8:001000, 10:001010

Particle Data:

Sucrose (table sugar) is produced by evaporating and crystallizing the juice extracted from sugar cane or the sugar beet.  It is monoclinic, and crystallizes from water as colorless, transparent, birefringent, thick tablets.  Some distinct (100) cleavage is evident, but ground crystals fracture conchoidally.  The crystals, which may be equant (001000) or flakelike (001010), have a specific gravity of 1.588.  Sucrose melts with decomposition at about 190°C.  [Winchell (1954) reports 160-190°C; Merck Index (1989) reports 160-186°C; Kofler (1954) reports 189°C; Kuhnert-Brandstätter (1971) reports 188-190°C; using a heating rate of 5°/minute, the melting point was determined at McCrone Associates, using a Linkam Hotstage, to be 189°C]; at decomposition, sugar chars, and emits characteristic odor of caramel.   The refractive indices are nD = 1.540 (α), nD = 1.567 (β), nD  = 1.572 (γ); (-)0.032, 2V = 48º.  The extinction angle is 23º on the (100) view.
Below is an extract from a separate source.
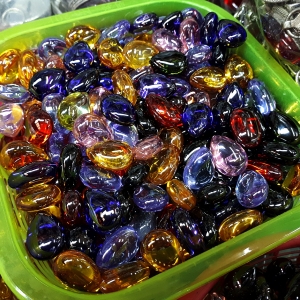 รวมแก้ว จิวเวอร์รี่ ต่างๆ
Figure P1-1 is a 100X view of sugar seen in plane-polarized light; many of the crystals are very well-formed, and quite attractive.  This particular sample has a granular surface, which will not be true for all sugar samples.  Figure P1-2 is the appearance of this sample using slightly uncrossed polarizers; Figure P1-3 is the appearance of sugar using fully crossed polarizers.  These two photomicrographs illustrate the interference colors that result from rather thick crystals with a birefringence of 0.032;  namely, all colors from low first-order at thin edges, through first- second- and third-order colors, up to high-order white for the thickest particles.  Figure P1-4 is the appearance on adding the first-order red compensator.  Sucrose is highly soluble in water, slightly soluble in methanol, very slightly soluble in ethanol, and insoluble in ether or chloroform.

No fluorescence was observed with narrow-band 365 nm ultraviolet light.
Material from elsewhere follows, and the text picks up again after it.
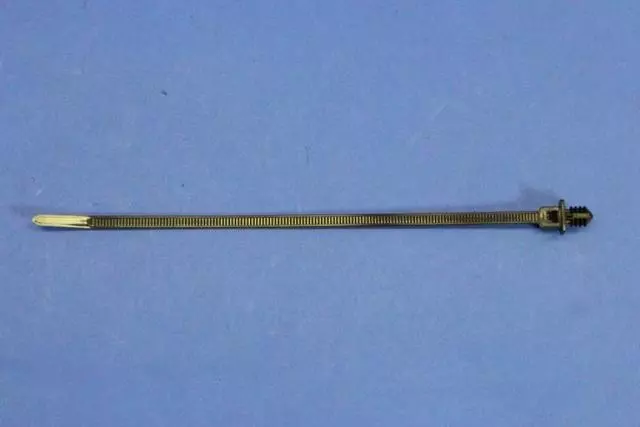 X-mas Tree Clip - Mopar (68197784AA)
Microchemical / Spot Test:

To distinguish between Sucrose (cane sugar) and Dextrose, a modification of the tests described by Reich in 1847 (Arch. Pharm. 50 293) can be used: (1) Place a drop of water near one end of a glass microscope slide, and add enough sucrose to make a concentrated solution.  Add several small crystals of potassium dichromate.  Heat the drop to boiling, using an alcohol lamp.  Sucrose produces a dark olive green color;  dextrose is indifferent, or chars, or the solution remains orange.  (2) Add a small drop of potassium hydroxide solution to a drop of concentrated sucrose solution near one end of the glass slide, and heat to boiling.  Add a drop of cobalt salt (chloride, nitrate, etc.) solution.  With sucrose, a blue-violet precipitate is produced;  with dextrose, a dirty green precipitate is produced.

Tutorial:

Determining Extinction Angle:

In a different sample of sugar, viewed between fully crossed polarizers at 100X, notice the fairly well-formed crystal in the very center of Figure P1-5, the elongated bright one; it is vertically aligned with the N-S crosshair, but is not at extinction; here a stage reading is taken from the vernier scale on your rotating stage.  Next, the stage is rotated until the crystal goes to extinction (Figure P1-6); seen also with the first-order red compensator in Figure P1-7, and the reading is again taken at the rotating stage vernier.  The angular difference was 24º (the literature value is 23º); this is the extinction angle; the angle between the extinction position and this prominent crystal face/length.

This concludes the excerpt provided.